Note: This document covers the high-level / distributed system design of a rate limiter. For the class-level (LLD) design -- including full OOP implementation of the algorithms -- see LLD Rate Limiter (file 15).

Functional Requirements

Core (above the line):

Limit requests per client -- given a client identifier (user ID, API key, IP), allow at most N requests per time window
Return clear feedback -- when rate limited, return HTTP 429 with Retry-After header
Support multiple rules -- different rate limits for different endpoints (e.g., 100 req/min for search, 10 req/min for checkout)
Configurable limits -- rate limit rules can be updated without redeployment

Below the line (mention but don't design):

Rate limit by geographic region
Adaptive rate limiting (auto-adjust based on backend health)
Rate limit exemptions (whitelisted clients)
Billing-tier-based limits

Non-Functional Requirements

Low latency overhead -- rate limiting check must complete in < 1ms (it is on the critical path of every request)
High availability -- if the rate limiter goes down, we should fail open (allow traffic) rather than block everything
Accuracy -- slight over-counting is acceptable (±5%), but we must never allow 10x the limit
Scale -- 1M requests/sec across all services, 10M unique clients

The Set Up

Core Entities

Entity	Description
RateLimitRule	`id`, `endpoint`, `clientTier`, `maxRequests`, `windowSeconds`, `algorithm`
RateLimitCounter	`clientId`, `endpoint`, `count`, `windowStart` (or token count, depending on algorithm)
Client	`clientId`, `apiKey`, `tier` (free/pro/enterprise), `whitelisted`

API Design

The rate limiter is not a user-facing API -- it is middleware.

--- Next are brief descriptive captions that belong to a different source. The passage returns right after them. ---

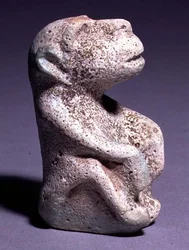 Baviaanbeeldje, uit de Hierakonpolis Tempel, Hoofdstorting, vroege Dynastieke Periode, 1e-2e Dynastie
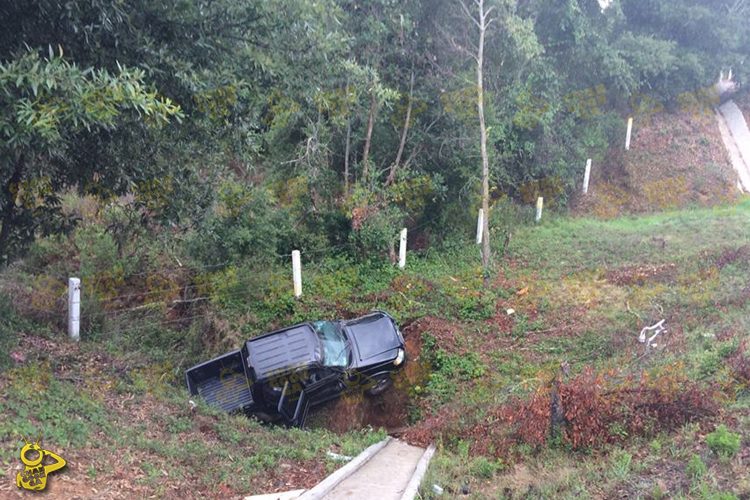 Madre-E-Hijas-Quedan-Heridas-Al-Volcar-Camioneta-En-Carretera-Pátzcuaro-Uruapan-1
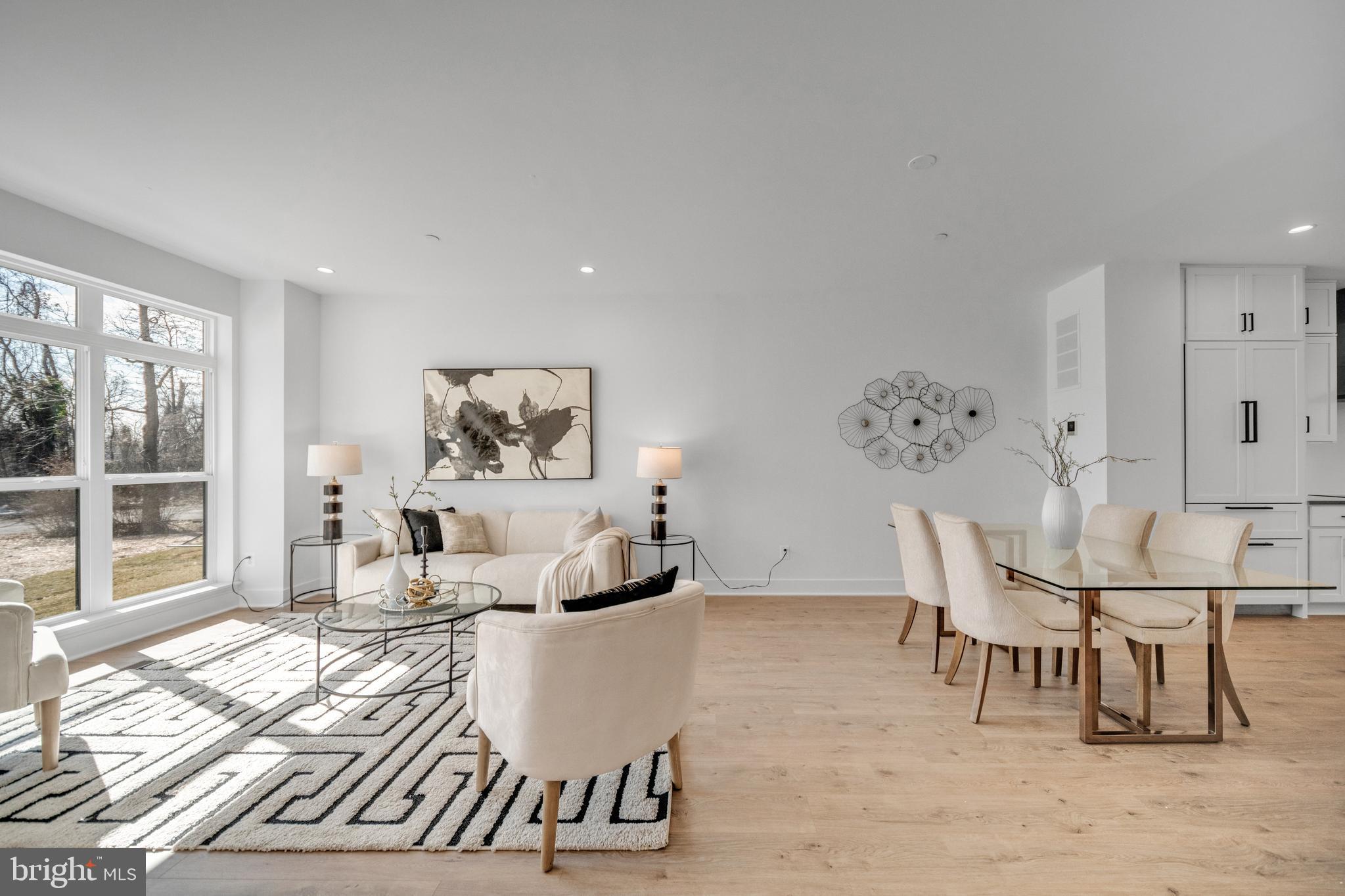 WESTBARD SQUARE - Residential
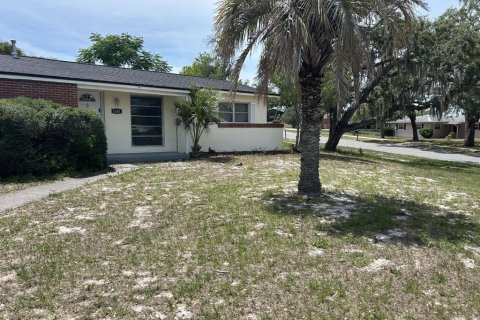 Villa ou maison à louer à Spring Hill, Floride: 2 chambres, 95.69 m2 № 2109533 - photo 27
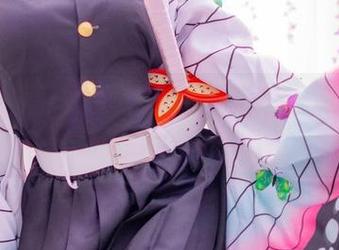 俊男美女私房写真大对决：在浴室里抢镜的雨波_HaneAme！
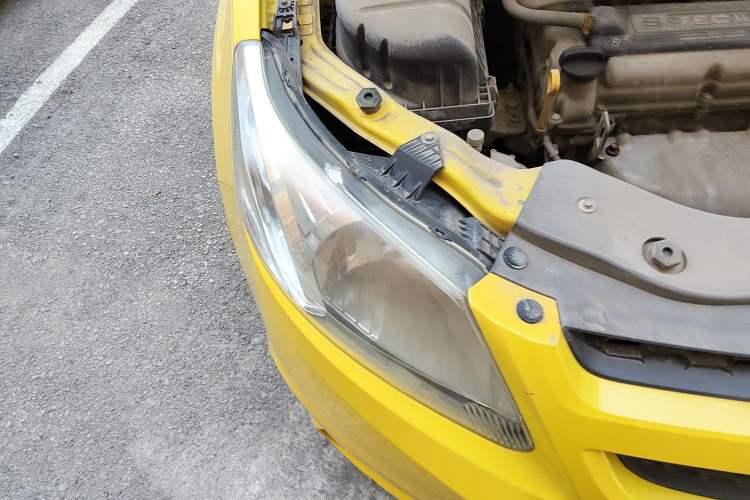 Used Chevrolet Sail 2010 Hatchback 1.2L Manual Warm Edition Right Front Headlight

But it exposes internal APIs for configuration:

Check rate limit (internal, called by API gateway):

// This happens internally, not as a REST call, but conceptually:
RateLimitResult checkRateLimit(clientId, endpoint)

Returns:
{
  "allowed": true/false,
  "remaining": 87,        // requests remaining in current window
  "limit": 100,           // max requests allowed
  "retryAfterMs": 0       // 0 if allowed, otherwise ms until window resets
}

HTTP response when rate limited:

HTTP/1.1 429 Too Many Requests
X-RateLimit-Limit: 100
X-RateLimit-Remaining: 0
X-RateLimit-Reset: 1705312860
Retry-After: 45
Content-Type: application/json

{
  "error": "RATE_LIMIT_EXCEEDED",
  "message": "Rate limit exceeded. Try again in 45 seconds."
}

HTTP response headers on normal requests:

HTTP/1.1 200 OK
X-RateLimit-Limit: 100
X-RateLimit-Remaining: 87
X-RateLimit-Reset: 1705312860

Update rate limit rules (admin API):

PUT /api/admin/rate-limit-rules/{ruleId}
Authorization: Bearer <admin-token>

Request:
{
  "endpoint": "/api/search",
  "clientTier": "free",
  "maxRequests": 100,
  "windowSeconds": 60,
  "algorithm": "sliding_window_counter"
}

High-Level Design

Architecture Overview

[Client] --> [Load Balancer] --> [API Gateway (Rate Limit Check)]
                                        |
                                  [Rate Limit Service]
                                        |
                                  [Redis Cluster (counters)]
                                        |
                                  [Rules Config Store (DynamoDB)]
                                        |
                                  (if allowed)
                                        v
                                  [Backend Service]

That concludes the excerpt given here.